_EXERCISE GOAL_
Report each line of the records below that holds the word "beach".

_Short descriptive text snippets_
________________________
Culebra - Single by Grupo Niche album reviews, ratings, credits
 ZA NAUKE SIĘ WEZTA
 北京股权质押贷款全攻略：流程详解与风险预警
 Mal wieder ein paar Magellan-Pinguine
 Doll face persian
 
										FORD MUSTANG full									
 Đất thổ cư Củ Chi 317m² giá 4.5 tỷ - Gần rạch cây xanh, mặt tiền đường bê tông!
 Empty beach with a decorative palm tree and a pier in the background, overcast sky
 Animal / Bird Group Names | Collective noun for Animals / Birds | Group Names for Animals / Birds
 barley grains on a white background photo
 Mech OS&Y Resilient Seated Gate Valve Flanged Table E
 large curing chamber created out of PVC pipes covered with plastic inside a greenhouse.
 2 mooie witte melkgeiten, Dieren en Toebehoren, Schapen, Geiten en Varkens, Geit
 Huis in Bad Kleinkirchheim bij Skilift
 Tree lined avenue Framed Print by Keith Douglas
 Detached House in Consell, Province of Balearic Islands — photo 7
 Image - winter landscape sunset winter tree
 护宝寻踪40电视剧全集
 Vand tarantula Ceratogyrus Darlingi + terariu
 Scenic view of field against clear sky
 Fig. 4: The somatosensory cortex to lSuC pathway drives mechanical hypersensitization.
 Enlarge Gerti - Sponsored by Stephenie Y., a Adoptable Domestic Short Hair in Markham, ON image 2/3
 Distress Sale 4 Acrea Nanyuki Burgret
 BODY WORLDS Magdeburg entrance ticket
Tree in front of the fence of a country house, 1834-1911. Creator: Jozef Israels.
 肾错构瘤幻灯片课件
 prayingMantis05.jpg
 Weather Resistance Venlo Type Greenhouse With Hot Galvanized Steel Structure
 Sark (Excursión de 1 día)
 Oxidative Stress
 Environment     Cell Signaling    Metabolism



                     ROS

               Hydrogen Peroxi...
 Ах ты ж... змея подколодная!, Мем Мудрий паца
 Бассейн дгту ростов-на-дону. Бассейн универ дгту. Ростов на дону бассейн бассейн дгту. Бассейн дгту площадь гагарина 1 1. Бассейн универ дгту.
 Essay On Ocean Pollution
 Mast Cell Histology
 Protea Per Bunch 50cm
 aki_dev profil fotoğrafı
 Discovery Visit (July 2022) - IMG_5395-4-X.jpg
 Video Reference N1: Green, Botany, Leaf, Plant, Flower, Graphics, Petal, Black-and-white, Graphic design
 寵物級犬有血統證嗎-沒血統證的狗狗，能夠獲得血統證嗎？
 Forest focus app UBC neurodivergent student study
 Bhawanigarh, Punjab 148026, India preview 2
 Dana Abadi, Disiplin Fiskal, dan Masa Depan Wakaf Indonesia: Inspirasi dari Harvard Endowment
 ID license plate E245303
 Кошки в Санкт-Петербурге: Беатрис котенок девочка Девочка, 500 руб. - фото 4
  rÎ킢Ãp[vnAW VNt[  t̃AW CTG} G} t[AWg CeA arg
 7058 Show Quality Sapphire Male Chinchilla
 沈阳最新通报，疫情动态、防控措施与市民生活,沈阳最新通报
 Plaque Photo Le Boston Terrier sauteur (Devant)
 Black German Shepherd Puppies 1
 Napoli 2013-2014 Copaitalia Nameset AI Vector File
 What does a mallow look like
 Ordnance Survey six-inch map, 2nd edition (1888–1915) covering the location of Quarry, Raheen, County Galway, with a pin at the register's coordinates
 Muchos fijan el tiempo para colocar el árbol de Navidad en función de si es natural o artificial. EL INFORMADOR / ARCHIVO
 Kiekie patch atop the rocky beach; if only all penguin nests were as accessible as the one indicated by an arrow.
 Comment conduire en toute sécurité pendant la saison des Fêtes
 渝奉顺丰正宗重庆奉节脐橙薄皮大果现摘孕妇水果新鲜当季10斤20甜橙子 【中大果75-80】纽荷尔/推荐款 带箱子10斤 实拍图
________________________
_ANSWER SECTION_
 Empty beach with a decorative palm tree and a pier in the background, overcast sky
 Kiekie patch atop the rocky beach; if only all penguin nests were as accessible as the one indicated by an arrow.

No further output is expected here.